• **Task objective**
Set down each entry below exactly as written, keeping the pictures out.

• **Data in this exercise**
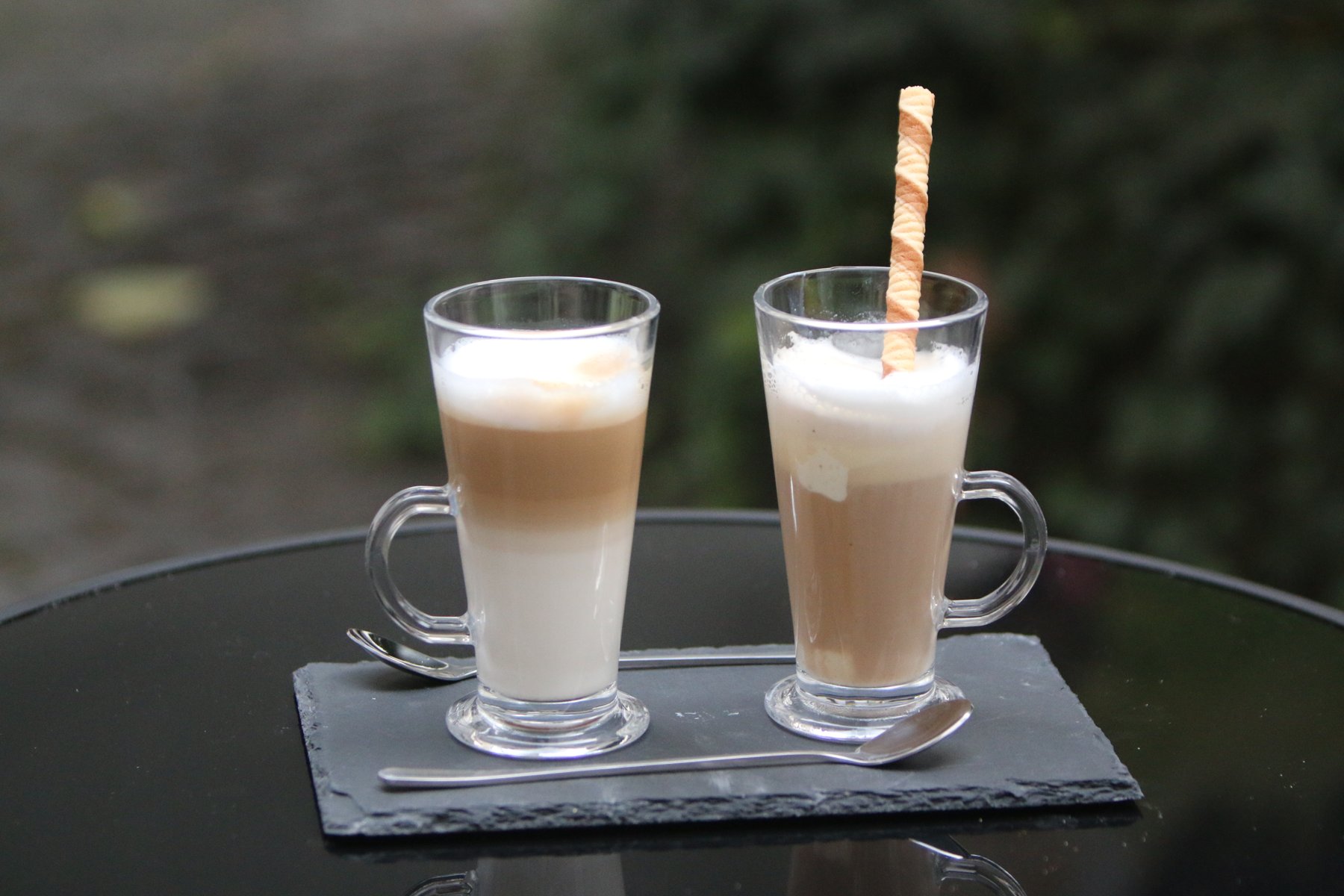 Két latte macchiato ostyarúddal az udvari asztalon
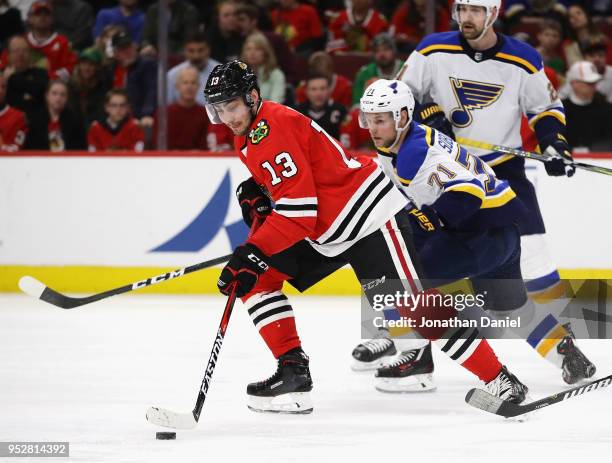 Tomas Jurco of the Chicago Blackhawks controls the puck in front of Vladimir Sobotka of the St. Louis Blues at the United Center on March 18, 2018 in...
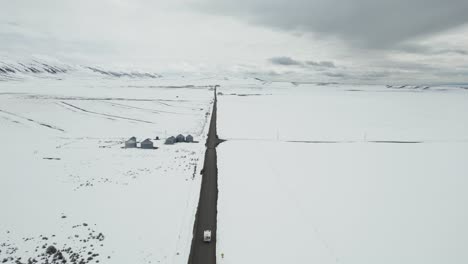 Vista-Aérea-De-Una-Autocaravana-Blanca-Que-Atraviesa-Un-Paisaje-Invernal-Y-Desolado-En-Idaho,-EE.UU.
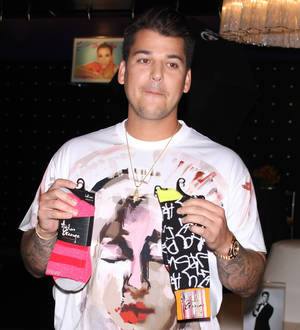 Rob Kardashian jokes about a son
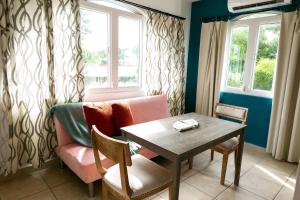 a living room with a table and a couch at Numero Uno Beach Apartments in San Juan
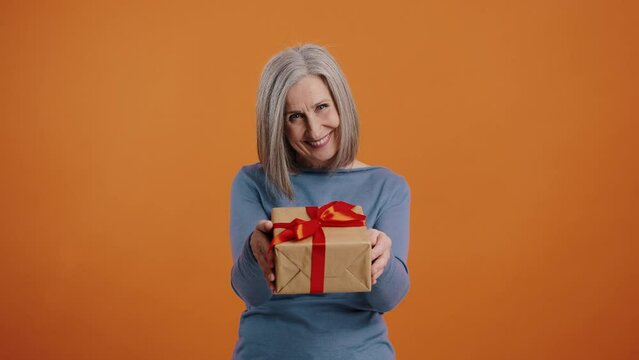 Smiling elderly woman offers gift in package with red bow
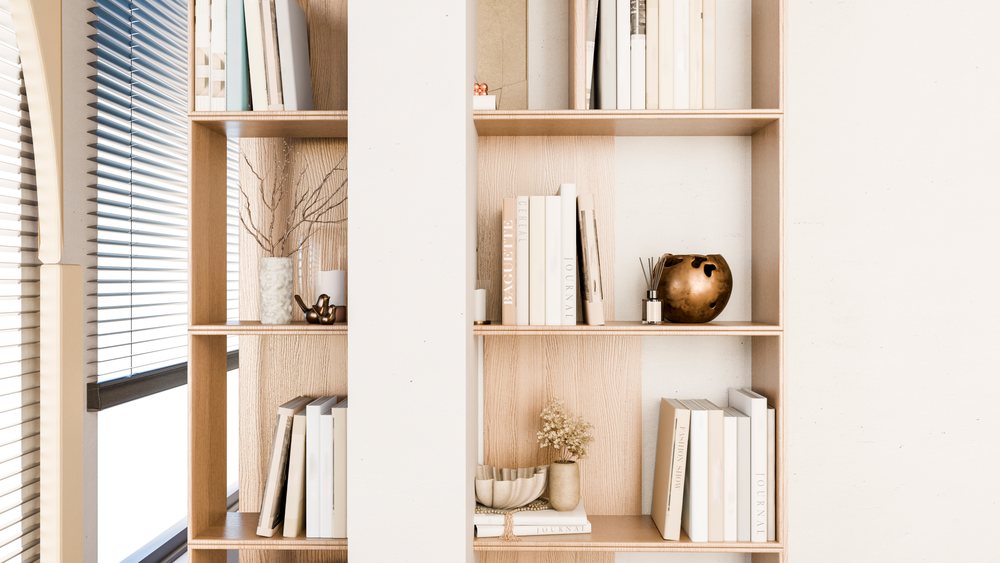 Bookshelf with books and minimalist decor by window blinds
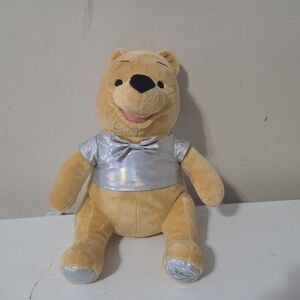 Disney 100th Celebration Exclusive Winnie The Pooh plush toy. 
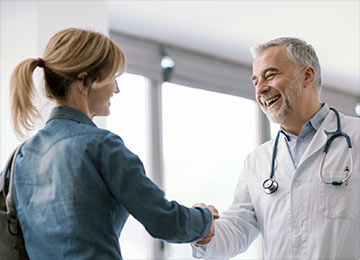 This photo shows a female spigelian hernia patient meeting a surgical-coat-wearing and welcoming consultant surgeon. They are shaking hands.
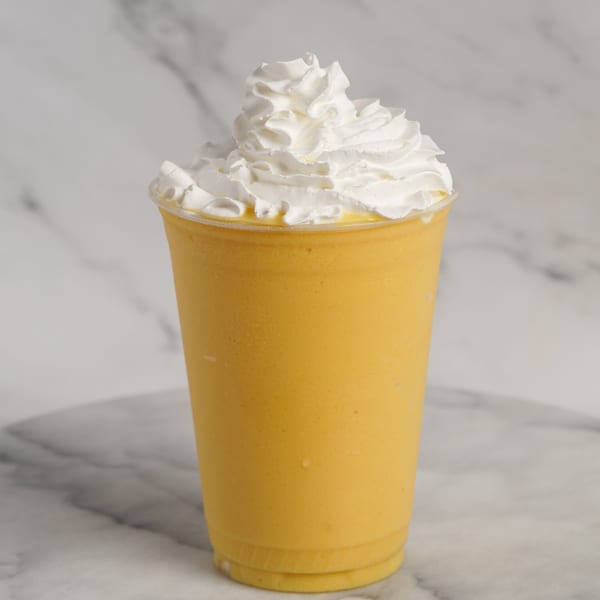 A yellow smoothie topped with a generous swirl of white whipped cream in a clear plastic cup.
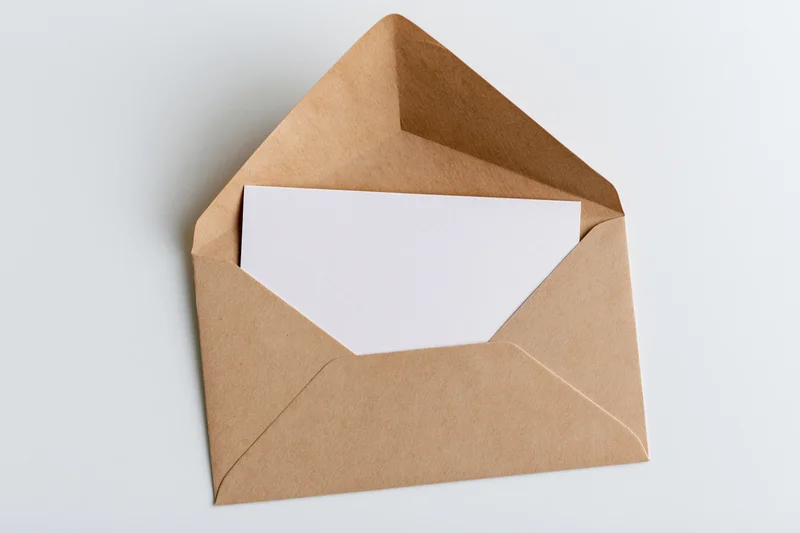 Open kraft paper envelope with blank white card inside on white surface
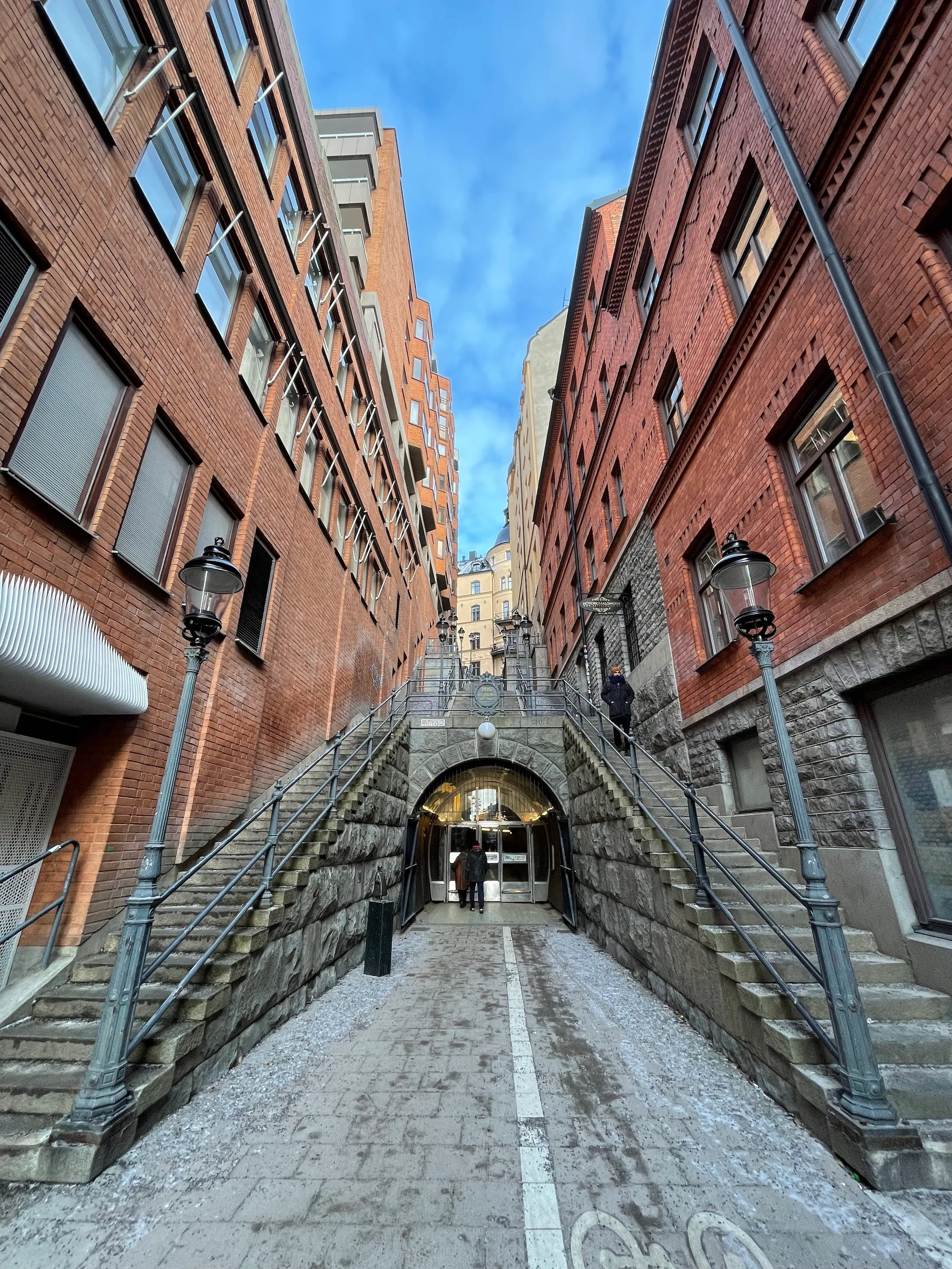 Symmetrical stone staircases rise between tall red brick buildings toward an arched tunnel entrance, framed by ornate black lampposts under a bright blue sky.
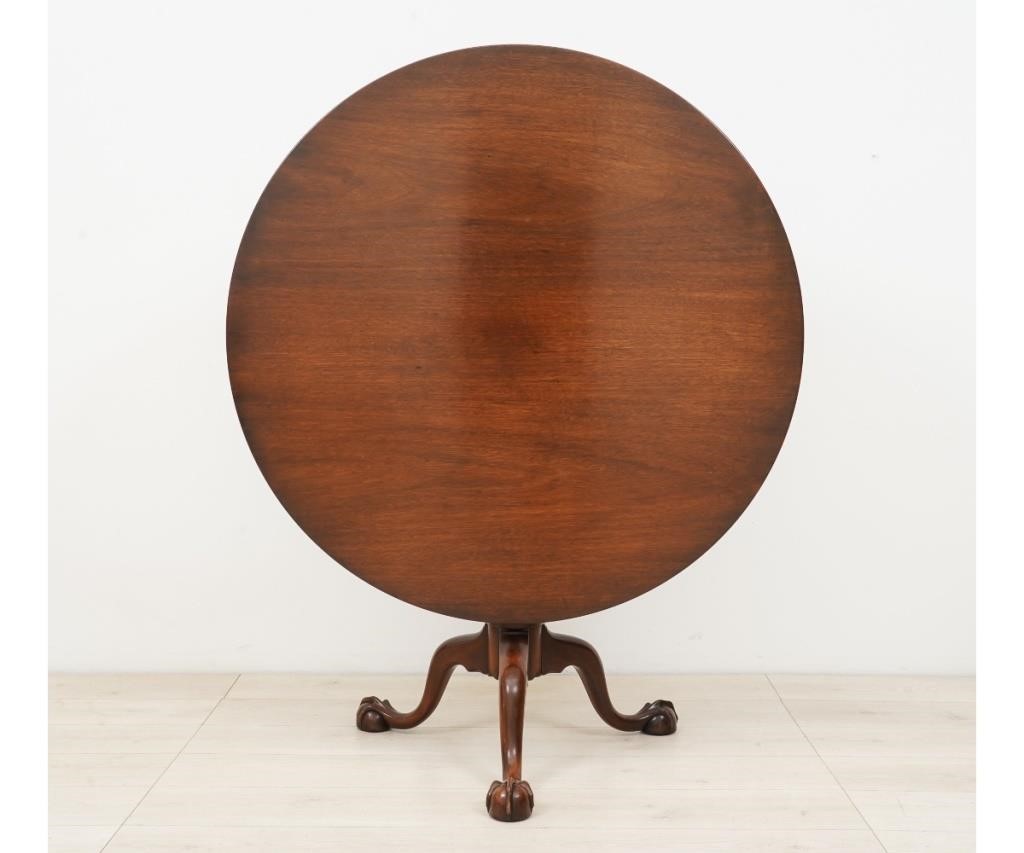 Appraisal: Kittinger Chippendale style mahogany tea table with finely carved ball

• **Result of this task**
 Két latte macchiato ostyarúddal az udvari asztalon
 Tomas Jurco of the Chicago Blackhawks controls the puck in front of Vladimir Sobotka of the St. Louis Blues at the United Center on March 18, 2018 in...
 Vista-Aérea-De-Una-Autocaravana-Blanca-Que-Atraviesa-Un-Paisaje-Invernal-Y-Desolado-En-Idaho,-EE.UU.
 Rob Kardashian jokes about a son
 a living room with a table and a couch at Numero Uno Beach Apartments in San Juan
 Smiling elderly woman offers gift in package with red bow
 Bookshelf with books and minimalist decor by window blinds
 Disney 100th Celebration Exclusive Winnie The Pooh plush toy. 
 This photo shows a female spigelian hernia patient meeting a surgical-coat-wearing and welcoming consultant surgeon. They are shaking hands.
 A yellow smoothie topped with a generous swirl of white whipped cream in a clear plastic cup.
 Open kraft paper envelope with blank white card inside on white surface
 Symmetrical stone staircases rise between tall red brick buildings toward an arched tunnel entrance, framed by ornate black lampposts under a bright blue sky.
 Appraisal: Kittinger Chippendale style mahogany tea table with finely carved ball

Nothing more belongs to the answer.